* [Work to be completed]:
The expected output is every line from the one containing "L’équipe médicale de" to the end of the data below, exactly, and no other line.

* [Material supplied]:
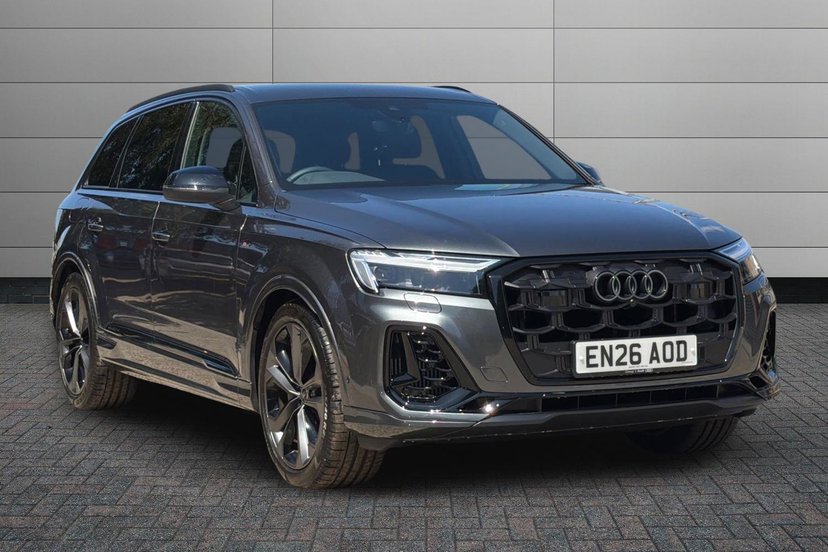 Audi Q7 listing photo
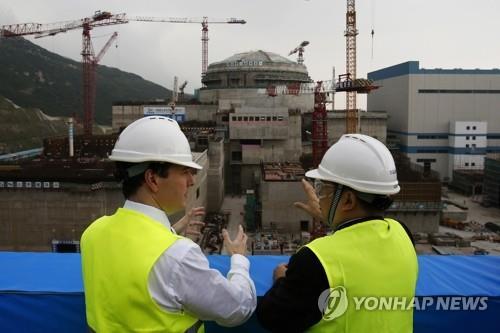 지난 2013년 촬영한 중국 광둥성 타이산 원자력 발전소 내 원자로 공사 현장 모습. [AP=연합뉴스 자료사진]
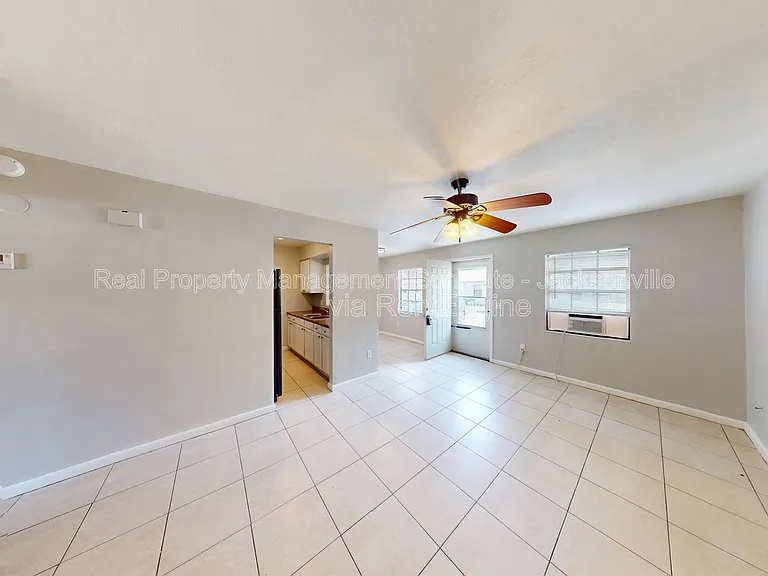 1010 Bronson St #3 — Photo 3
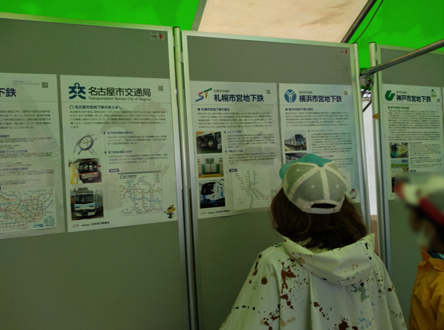 写真：会員会社ごとに紹介されているポスター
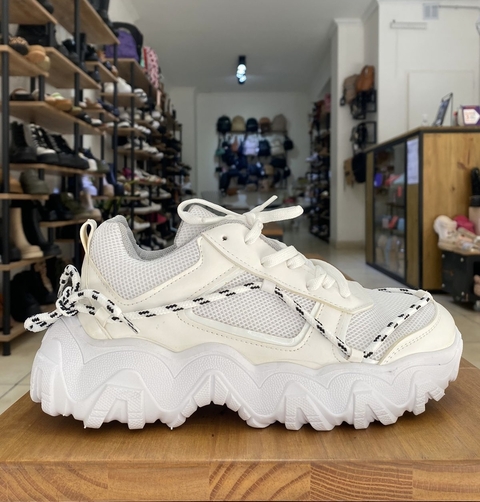 Sneakers Trail Blancas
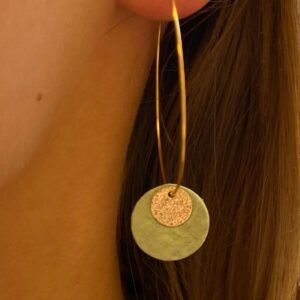 Boucles d'oreilles pendantes dorées - pistache Cuir de Carpe de Dombes
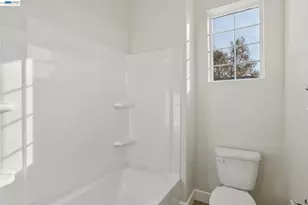 117 Crk Vw Cir, Fairfield, CA 94533 - Photo 23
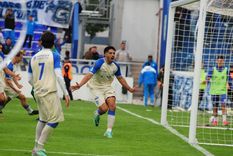Una tarde redonda para el goleador. Nahuel Ulariaga marcó el 1-0 de Godoy Cruz y asistió a Poggi para el 2-0 ante Acassuso.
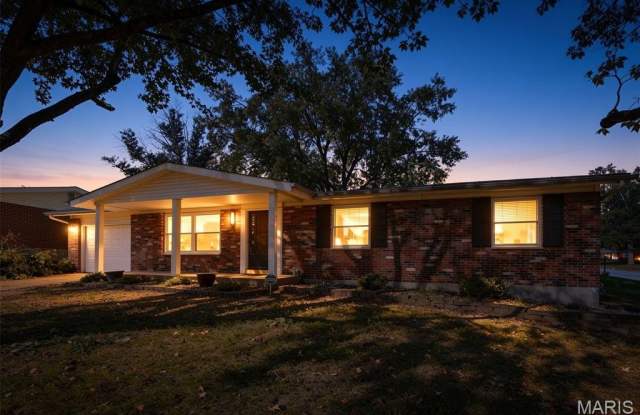 2701 Woodbury Drive Gallery 1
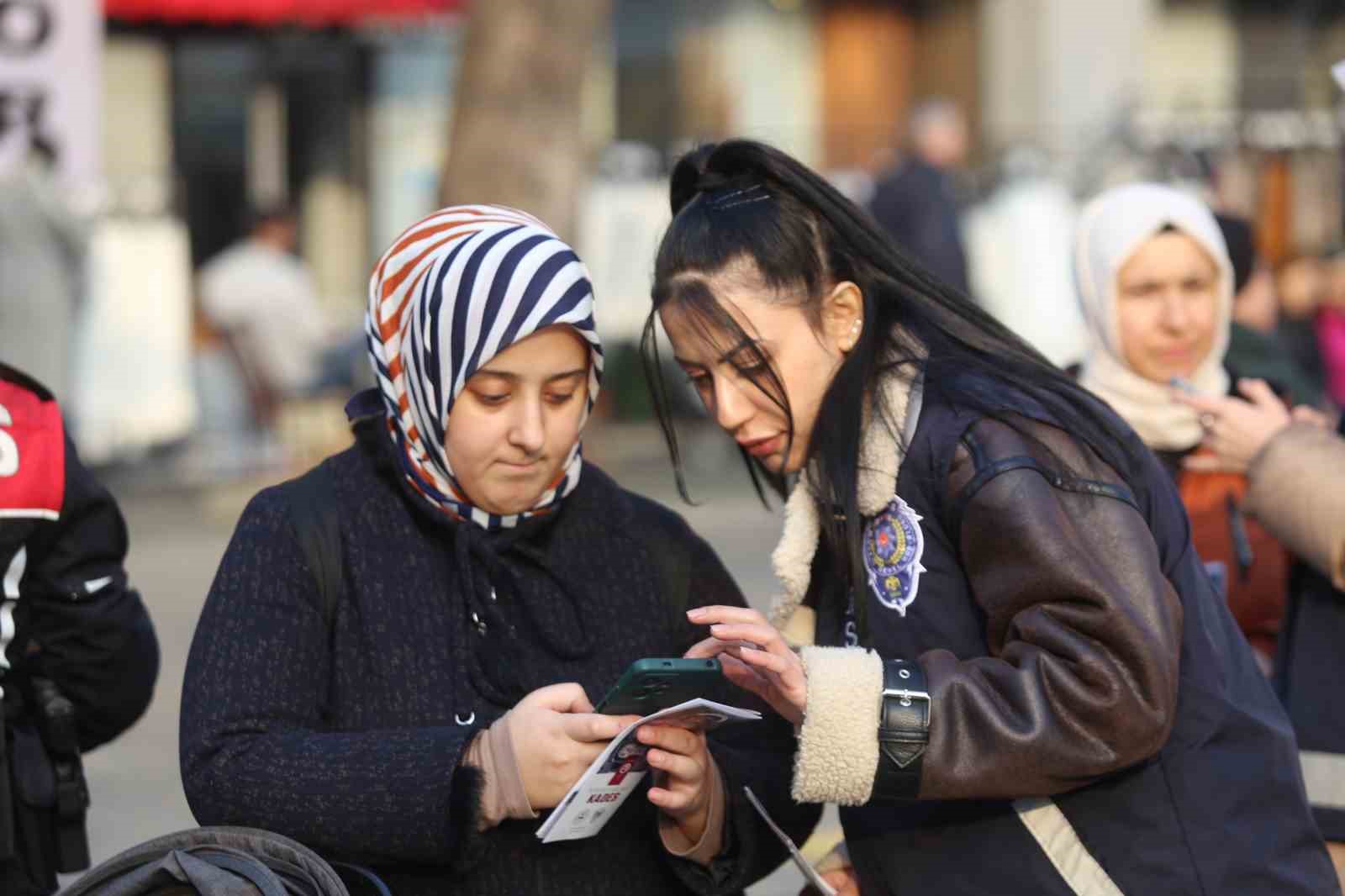 (Özel) Kadınları tek tek durdurup o uygulamayı yüklettiler
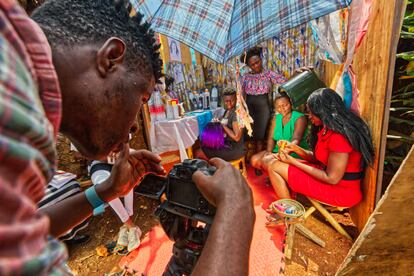 Mujeres de Bulambuli diseñan joyas, bolsos y vestuario para el rodaje de 'Money makes money'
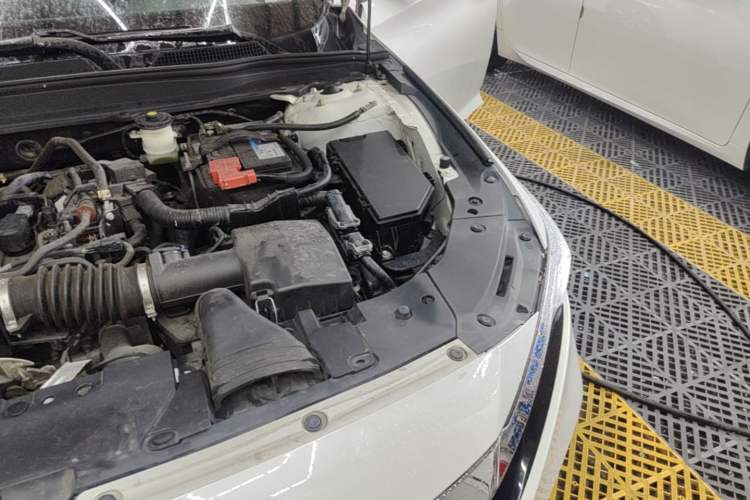 Used Honda Accord 2018 260TURBO Luxury Edition China V Emission Standard Engine Bay Left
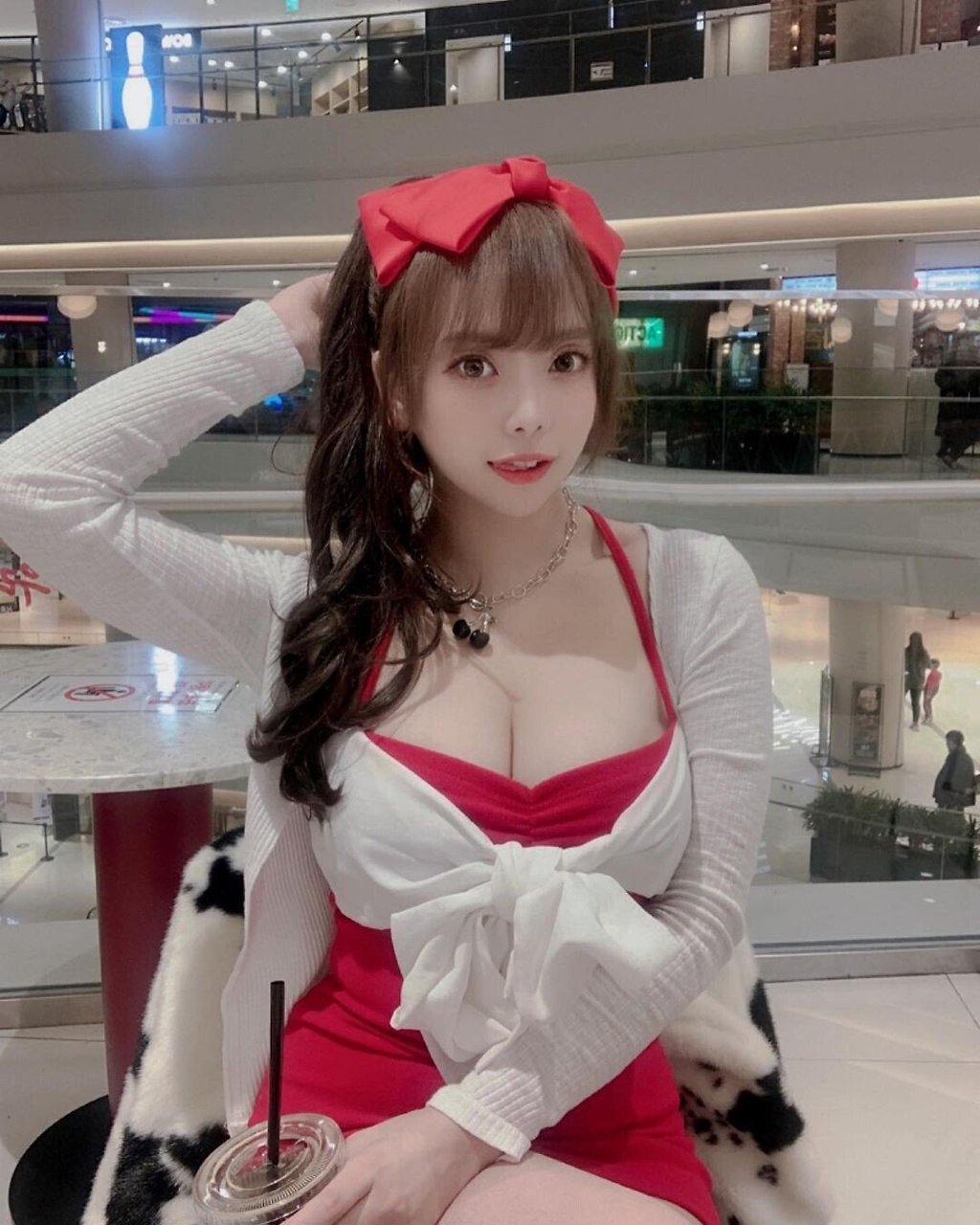 과감한 의상입고 외출한 BJ 퀸다미.jpg 과감한 의상입고 외출한 BJ 퀸다미 - 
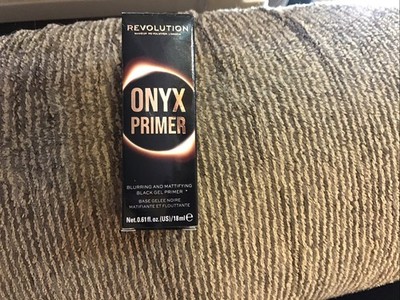 Makeup Revolution Onyx Primer Blurring and Mattifying black Gel primer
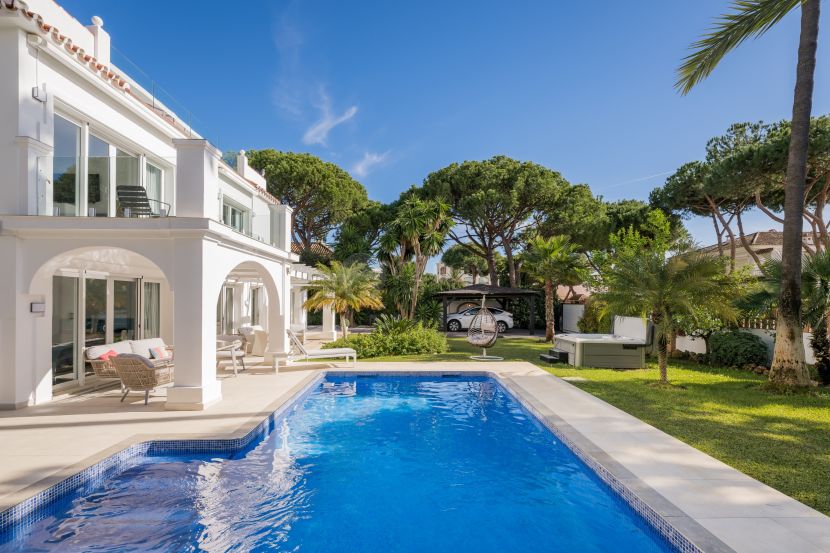 Villa en venta en Rancho Park, Marbella Este, Marbella
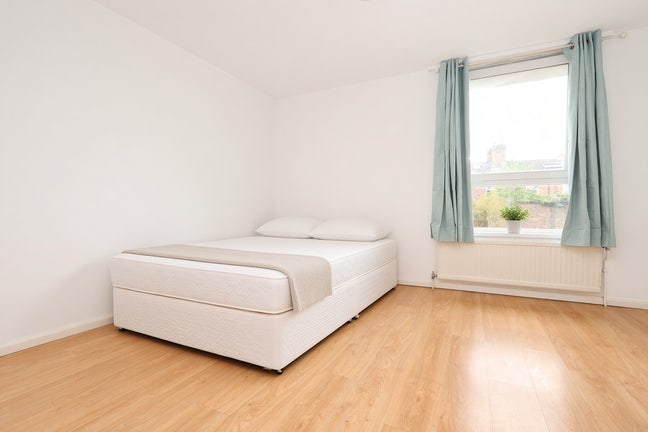 Last Amazing Rooms! 3 Beds Flat in Exclusive Area Main Photo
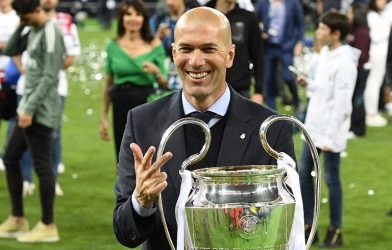 Zidane bỏ tiền vệ ngôi sao, chọn thủ môn ĐNÁ đá C1
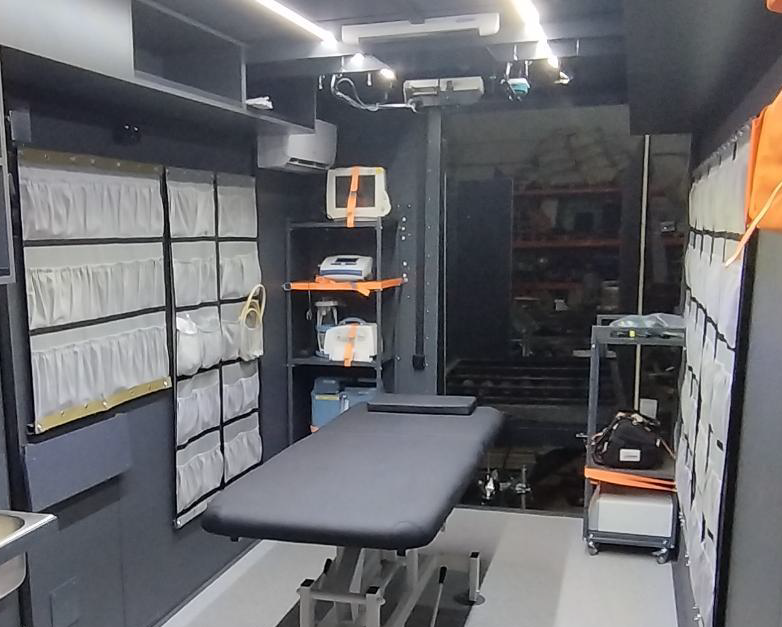 thetoitoi's tweet photo. 🇫🇷🇺🇦

L’Ukraine a encore besoin de vous, les amis ! 

L’équipe médicale de la 37ᵉ brigade de marine doit acquérir un second conteneur médical Stabnet. 

Cet équipement sauve déjà de nombreuses vies de soldats et leur permet de retourner au front.

Le coût total est de 68 000 €, via l’association reconnue et fiable @AssociationSAF3 @AideMedicaleUkr @jacquesduplessy.

Chaque don est défiscalisable !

* [Answer space]:
L’équipe médicale de la 37ᵉ brigade de marine doit acquérir un second conteneur médical Stabnet. 

Cet équipement sauve déjà de nombreuses vies de soldats et leur permet de retourner au front.

Le coût total est de 68 000 €, via l’association reconnue et fiable @AssociationSAF3 @AideMedicaleUkr @jacquesduplessy.

Chaque don est défiscalisable !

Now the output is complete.